Question: Kirchoff's law of of junctions is also called the law of conservation of: (A) Energy (B) Charge...

Question

Kirchoff's law of of junctions is also called the law of conservation of:
(A) Energy
(B) Charge
(C) Momentum
(D) Angular Momentum

Answer 1

Solution

Hint Kirchoff's law of junctions tells us about the distribution of current in a circuit. It states that at a junction of a circuit (which is a place where several wires are joined), total ingoing current on that junction from one side should be equal to total outgoing current to the other side.

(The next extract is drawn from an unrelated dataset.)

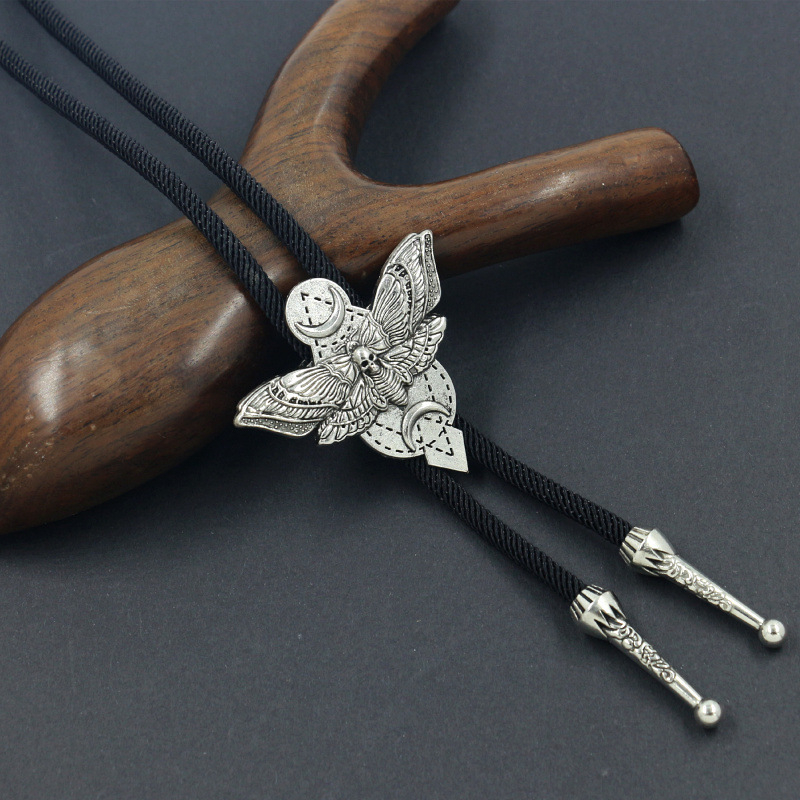 Κολιέ bolo με γοτθικό στυλ και μοτίβο νυχτοπεταλούδας, μενταγιόν από κράμα, ηλεκτροπλατίωση, ρετρό σχέδιο ζωικό/ζώδιο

Complete step by step answer:

Current in a circuit is due to flow of charge along the wire in the circuit. Since, Kirchoff’s law states that total current coming from one side in the junction is equal to total outgoing current to other sides of the junction.

Since, rate of flow of charge is current, therefore, total charge coming to the junction should be equal to the outgoing charge from the junction.

In the above figure, since ${I_1}$ , ${I_2}$ are incoming current and ${I_3}$ , ${I_4}$ , ${I_5}$ are outgoing current, therefore according to Kirchoff's law of junction,
${I_1} + {I_2} = {I_3} + {I_4} + {I_5}$ ---------(1)
Now, we know that, $I = \dfrac{{dq}}{{dt}}$ ,
So, ${I_1} = \dfrac{{d{q_1}}}{{dt}}$ , ${I_2} = \dfrac{{d{q_2}}}{{dt}}$ , ${I_3} = \dfrac{{d{q_3}}}{{dt}}$ , ${I_4} = \dfrac{{d{q_4}}}{{dt}}$ and ${I_5} = \dfrac{{d{q_5}}}{{dt}}$ ,
Using above in equation $1$ ,
$\dfrac{{d{q_1}}}{{dt}} + \dfrac{{d{q_2}}}{{dt}} = \dfrac{{d{q_3}}}{{dt}} + \dfrac{{d{q_4}}}{{dt}} + \dfrac{{d{q_5}}}{{dt}}$
On simplifying we get,
$d{q_1} + d{q_2} = d{q_3} + d{q_4} + d{q_5}$ -------(2)
Now, we know that $\int_0^x {dx} = x$ ,
So on integrating equation $2$ , we get,
$\int_0^{{q_1}} {d{q_1}} + \int_0^{{q_2}} {d{q_2}} = \int_0^{{q_3}} {d{q_3}} + \int_0^{{q_4}} {d{q_4}} + \int_0^{{q_5}} {d{q_5}}$
So, on simplifying we get,
${q_1} + {q_2} = {q_3} + {q_4} + {q_5}$ ,
This proves that the Kirchoff's law of junction tells about the conservation of charge.

So correct option in Option (B).

Note In equation $2$ , we do not have integral constant, because the integration was definite. This law of Kirchoff is very useful in solving circuits as it gives us the equation for finding current. The number of equations by this law will be equal to the number of junctions in the circuit.